Home/States/Illinois

Microschool laws in Illinois

Yes. Illinois recognizes 2 legal pathways for families and 5 of 7 operator models are viable. Levisen (1950) Illinois Supreme Court decision that classified homeschools as private schools

State knowledge, compiled from primary sources✓ Current
20 primary sources cited·Last refresh May 6, 2026·Next review June 3, 2026
How we compile state knowledge →
Informational only, not legal advice. The MicroSchool Lab is not a law firm. State laws change; verify state-specific details with the cited primary source before making legal or financial decisions.

For founders

How can I run a microschool in Illinois?

Illinois recognizes 7 canonical operator models. Each has different legal compliance pathways, capital requirements, and family relationships. Choose the one that fits your team. You can change later, but the legal mechanics differ enough that the choice shapes facility planning and scholarship eligibility.

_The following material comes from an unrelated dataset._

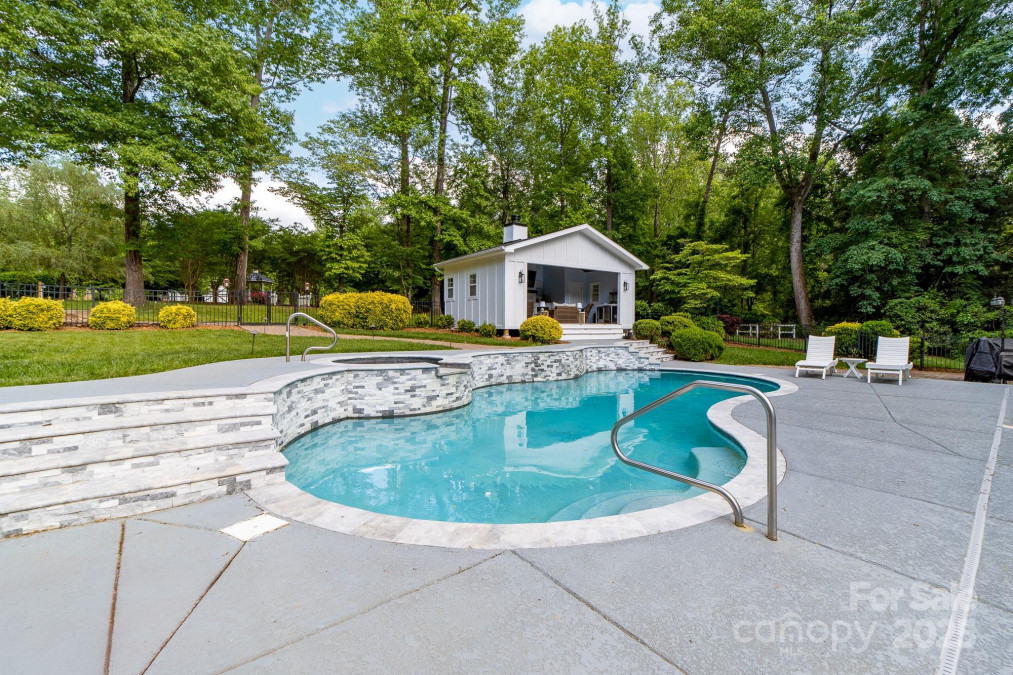 707 Saint Cloud Dr Statesville, NC 28625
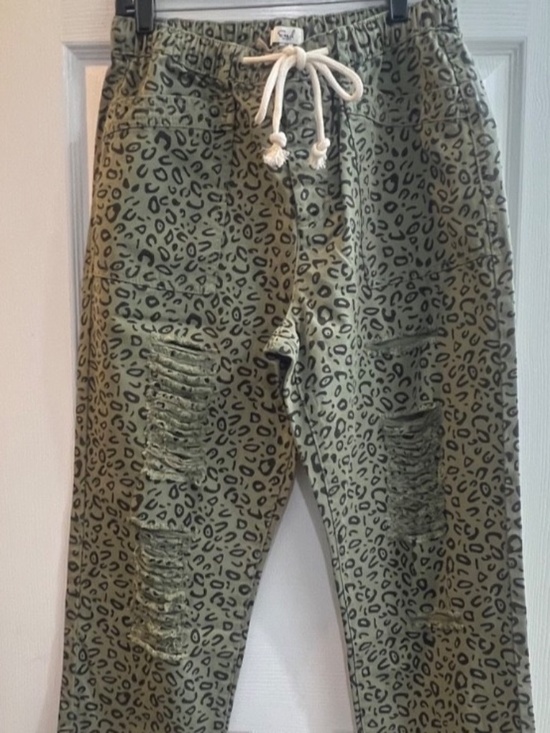 easel Pants - New Easel Cheetah Print Distressed Utility Cargo Pants Relaxed Fit Size Medium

Independent Private School

Viable

An independent private school model where the school assumes full legal responsibility for enrolled students under 105 ILCS 5/26-1. You can operate without any state registration (relying on the Levisen framework and statutory private-school exemption), OR you can opt in to ISBE voluntary registration (23 Ill. Admin. Code 425) for added legitimacy, optional recognition status, and eligibility for certain cooperative services. Illinois does NOT require teacher certification, curriculum approval, or accreditation for private schools.

Top requirements

  • Form a business entity (LLC or corporation) with the Illinois Secretary of State Department of Business Services by filing Articles of Organization (Form LLC-5.5, $150 fee).
  • Register for Illinois state tax obligations with the Illinois Department of Revenue (MyTax Illinois portal).
  • Teach the branches required at 105 ILCS 5/27-22 in English at a level comparable to public schools.

Watch for

  • If the school operates unregistered, there is no public record of its existence — families may face extra scrutiny from local truancy officers; keep enrollment, attendance, and curriculum documentation on file.
  • Without ISBE Recognition, public school districts are not required to accept credits or grade placements from your school. Many families seeking eventual return to public school prefer Recognized schools.

Homeschool Cooperative

Viable

Because Illinois treats homeschools as private schools (Levisen), a homeschool cooperative is essentially a gathering of multiple parent-operated private schools that share space, curriculum, and instruction. Each family remains the legal operator of its own private school; your co-op is a shared-resource nonprofit, LLC, or informal association. No state notice or registration is required. This is the most operationally light pathway in Illinois.

Top requirements

  • Form a business entity (LLC or nonprofit corporation) with the Illinois Secretary of State if operating commercially; informal parent-led co-ops can sometimes operate without entity formation but liability separation is recommended.
  • Structure operations as a shared resource for homeschooling families — NOT as a school that enrolls students. Each parent is the operator of their own private school under Levisen.
  • Maintain written agreements with families clarifying that each family retains full legal responsibility for the education of their child under 105 ILCS 5/26-1 and People v. Levisen.

Watch for

  • Do not brand as a "school" or refer to participants as "enrolled students"; use language like co-op, learning community, or shared homeschool resource to match the legal structure.
  • Illinois has no state homeschool notice today, but monitor HB 2827 and successor bills — any new notification law would add family-side filings that your co-op must help families comply with.

Certified Tutor Practice

Not viable

Illinois does not provide a separate certified-tutor exemption from compulsory attendance. The compulsory attendance statute (105 ILCS 5/26-1) recognizes private/parochial school enrollment as the operative exemption, and the Levisen doctrine treats tutoring arrangements as de facto private schools if they meet the branches-and-English requirements. A tutor practice can operate, but legally it fits within the Independent Private School or Homeschool Cooperative model rather than a distinct certified-tutor pathway.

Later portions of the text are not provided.